I have read some posts like: What is state in a sequential circuit? about explaining what a state is in the sequential logic circuit. But the responses are pretty much the same as those ones in my textbook and I still don't understand what it is exactly.

From my understanding so far, I think a state is pretty much like the mode of a circuit when some certain inputs are given. For example, if we have a two-inputs SR latch, when S and R are 1 and 0, SR latch is in the set state, which I think it's like the circuit is in the setting/saving mode. (not sure if this understanding is correct or not)

But if this understanding is correct, I found out it is so weird to read my textbook. (Digital Design and Computer Architecture, second edition, David Money Harris)

"The chapter begins by studying latches and flip-flops, which are simple sequential circuits that store one bit of state." If state is similar to the concept of mode, why we can tell how many bits are there in a state?

Can someone please give me an accurate definition about the state? If it is possible to provide an analogy I will be really grateful, this would really help me understand this stuff.

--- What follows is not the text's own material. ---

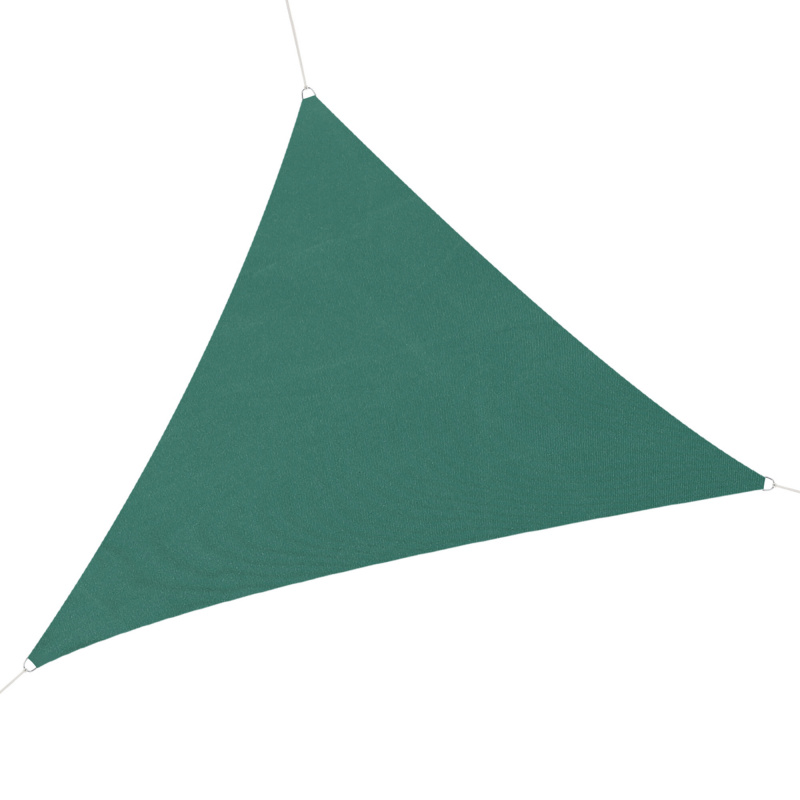 Aga Prelată de umbrire 3x3x3 m Verde închis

• I would think of it like, "What is the state of the light switch in your room right now?" On or off? Set or reset? 1 or 0? Commented Apr 17, 2019 at 22:45
• One additional question that is not included in the description above. Given N inputs, how do I know how many possible states are there in a sequential circuit? Commented Apr 17, 2019 at 22:46
• N inputs can have 2^N states, but some may be X don't care "State" of the system expresses the unique logical values of all nodes or any 1 node when looking at 1 port Commented Apr 17, 2019 at 22:50
• So can I understand this way? Each row in a truth table is a possible state of the sequential circuit? (without considering if this state is a don't care) Commented Apr 17, 2019 at 22:52
• that's another way to express a state which is static condition Commented Apr 17, 2019 at 22:53

The number of states in a sequential system is not determined by the number of inputs, and it is not determined by the rows of a combinational truth table. Just talking about the "state" of the inputs is misleading (although I do it sometimes).

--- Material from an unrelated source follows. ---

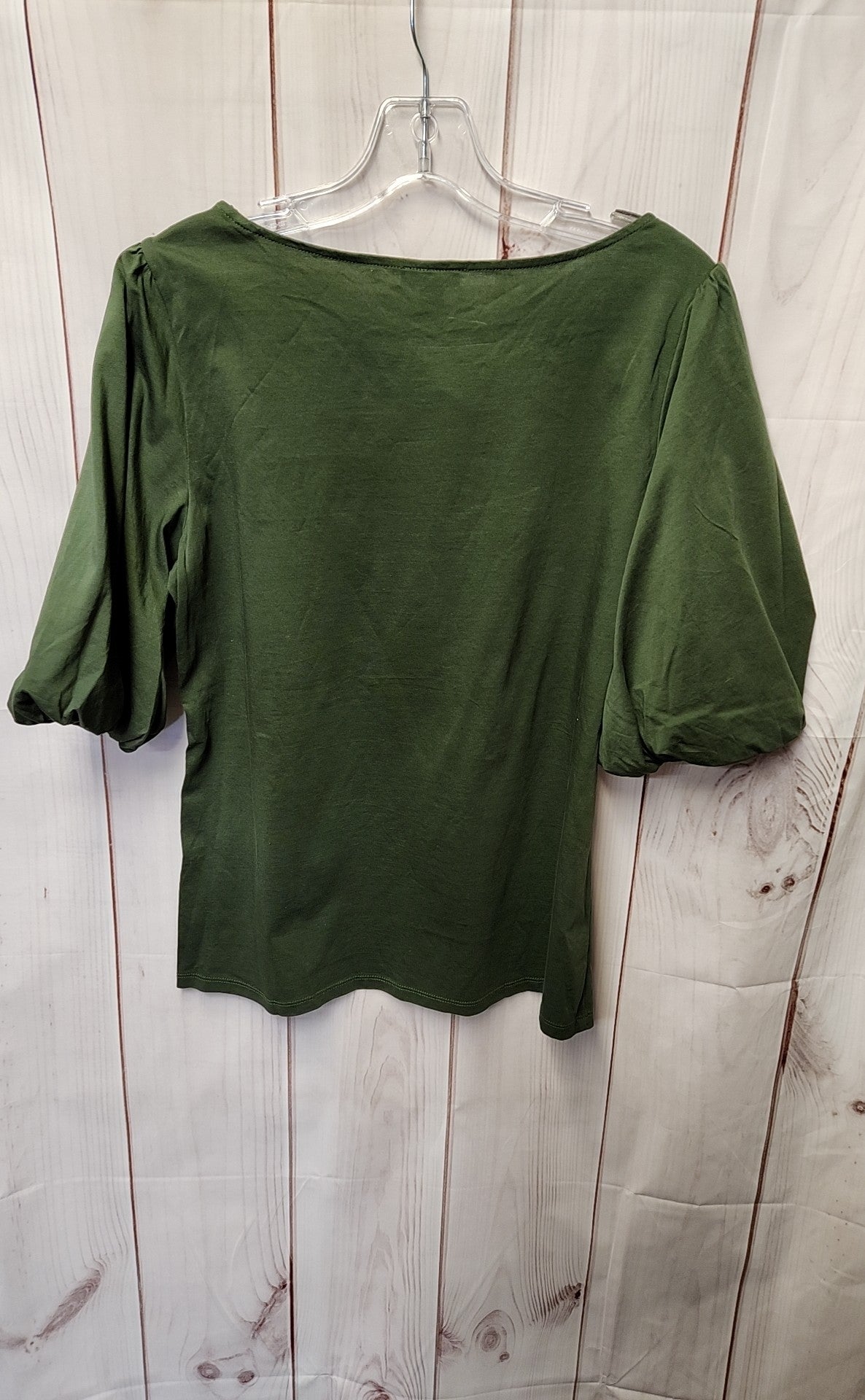 Ann Taylor Women's Size M Green Short Sleeve Top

The number of possible states is determined only by the number of memory bits in the system. The maximum number of states is equal to $$\2^N\$$ if there are $$\N\$$ bits of memory.

The state of system can change how it responds to its inputs. The behavior (outputs) of the system can be different for each of the possible states even when the inputs are the same.

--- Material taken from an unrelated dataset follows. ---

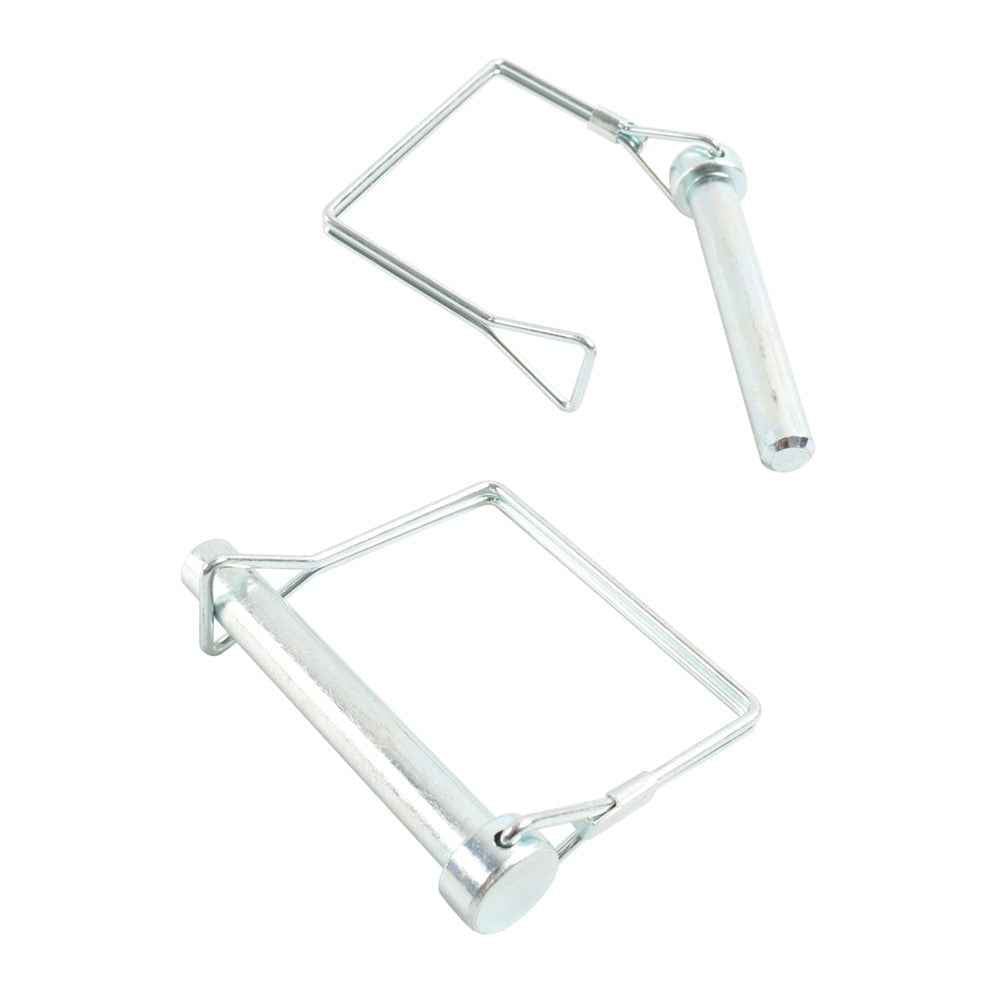 A8062 5Pcs Shaft Locking Lock Pin Square Safety Wire Coupler Retainer with Chain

So, if you have 2 memory bits (2 flip-flops) then you have 4 possible states corresponding to the four combinations of '1' and '0' in those two flip-flops. The outputs can have up to 4 different values for exactly the same input based on the current state.

You might have just one input (plus a clock) for your 4-state machine, or you could have a hundred inputs. You might have just one output or many outputs. Nevertheless, if you have two flip-flops you have four possible states.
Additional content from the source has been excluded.